The Science of Growing Peanuts
By: Amy Carter, Editor (amy.carter@agr.georgia.gov)
Georgia Farmers & Consumers Market Bulletin
Life offers few guarantees outside of death and taxes, but peanut growers throughout the Southeast get a fair measure of assurance that the seeds they sow will sprout and grow as expected. Months before farmers start cultivating peanuts in late April, the Georgia Department of Agriculture’s Tifton Lab begins testing samples of the varieties that seed companies will offer for sale to farmers in the upcoming season. During the first six months of 2018, the lab received 10,631 peanut samples. Each sample is evaluated with a 200-seed germination test.
Dedria “DeeDee” Smith, seed lab director, said the lab hires 16 temporary workers – including college interns – to assist in processing seed samples during peanut season. Georgia grows nearly half of the nation’s total peanut crop, and peanuts represent about half of all seed samples processed by the Tifton lab annually. Other peanut-growing states – including Alabama, Florida and Texas – send their samples to Georgia for testing, as well. The seeds are arranged in lots of 25 on a chemical-free paper towel substrate, and stored for seven days in a simulation of optimal field conditions designed to give an indication of vigor and germination. Seeds are evaluated not only for emergence but for development of appropriate structures such as roots and shoots, as well as obvious defects.

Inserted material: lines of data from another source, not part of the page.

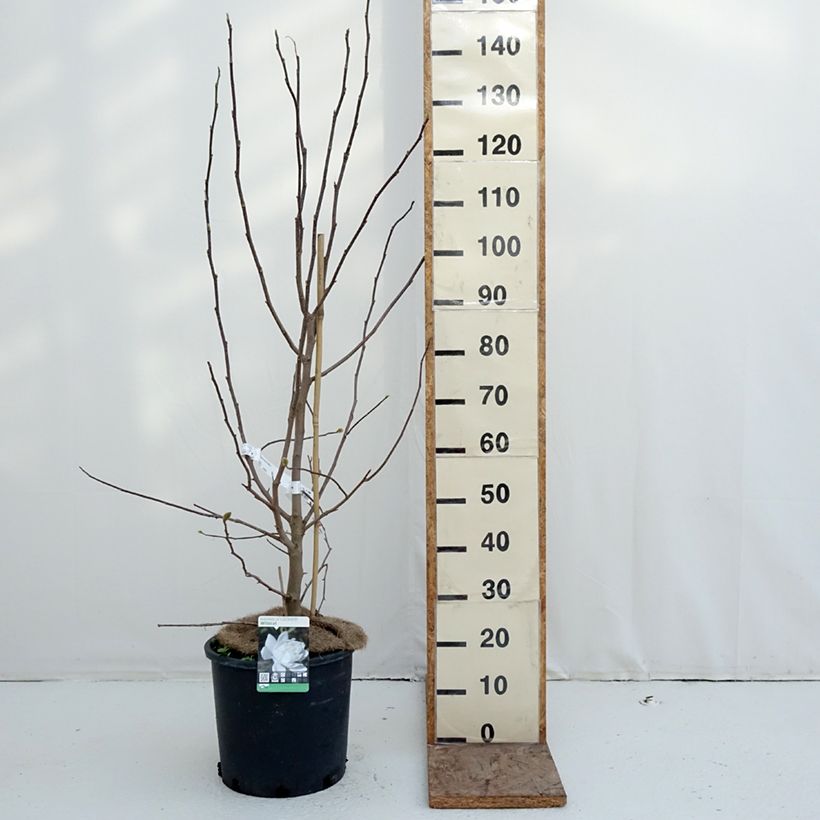 Magnolia x loebneri Wildcat 6L/7L pot sample as delivered in winter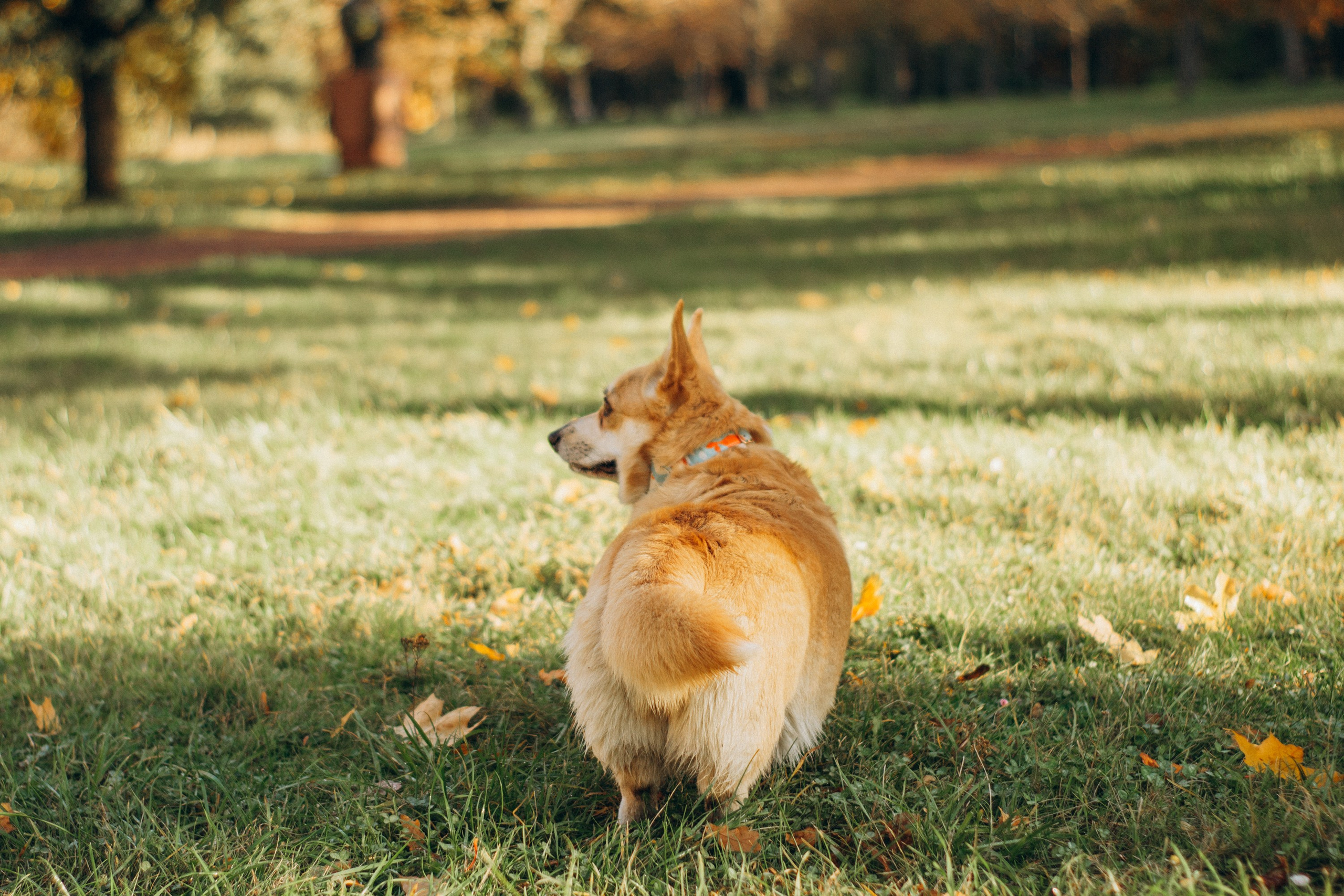 Irina and her Teffy, Pembroke Welsh Corgi. Kat Laisaar — Pet photographer in Tallinn
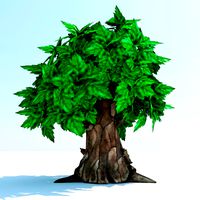Oak tree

“If you’re paying 82, 83, 84, 85 cents a pound for peanuts, you want to plant as few seeds per acre as you can to get a high yield, so you want to know what your germination rate will be,” said Terry Hollifield, executive director of the Georgia Crop Improvement Association in Athens. A germination rate above 75 percent – that is, 75 out of every 100 seeds sprouting as expected – is required for certification by the association. This year’s samples showed an average germination of 88 percent, according to Smith at the Tifton Lab. “When a farmer sees our certified blue tag, he knows the seed has been produced through a program that is going to assure him of receiving a quality product,” Hollifield said. The Tifton Seed Lab’s germination tests are just one step in the process of delivering quality seed to Georgia farmers. The crop improvement association also conducts field inspections to verify the variety and purity of seed lots. Last year the association field-inspected 166,000 acres of crops; 140,000 acres were peanuts, Hollifield said.
Mark Israel’s Sumter County farm was among the latter. Israel is a third-generation grower of seed peanuts. His grandfather started growing peanuts at the invitation of Tom Huston, founder of the company that would become Tom’s Foods. “We have a handwritten letter from Tom Huston asking my grandfather to grow peanuts for him so he could use them in his candies,” Israel said. Israel’s father long ago transitioned to growing peanuts for seed. The crop Israel is tending now represents the 73rd for his father, Harold Israel, who is 92. “This was going on on this farm before I was born,” Israel said. “Every peanut I’ve ever grown was a seed peanut.”
Israel and his family work closely with Ralph Johnson and Justin Tanner at the Georgia Seed Development Commission to take breeder seed and increase it for commercial sale. He works 1,400 acres of a much larger family farm. About 350 acres of that is in peanuts. Israel said his annual harvest comes in between 5,000 and 6,500 pounds – and occasionally as much as 7,000 pounds – of peanuts per acre. “Whatever the currently popular variety is and what they think will be the new ‘next thing’ is what we increase for them,” he said. He maintains strict quality controls on the farm to keep different varieties pure, thus meeting the Georgia Crop Improvement Association’s certification rules that ensure farmers are getting the promised variety that will germinate as expected. “If there wasn’t a system to segregate one peanut from another, then when somebody bought a sack of peanut seed there may be three different varieties with three different maturity dates on it,” Israel said. “I’m growing two varieties for the foundation peanut center and there’s probably 10 days of maturity difference in them. Some are a lot longer than that.”
Georgia Seed Development was established by the Georgia General Assembly in 1959 to receive breeder seed of various crops developed by the University of Georgia, produce foundation seed for producers to plant, and to promote those crops statewide.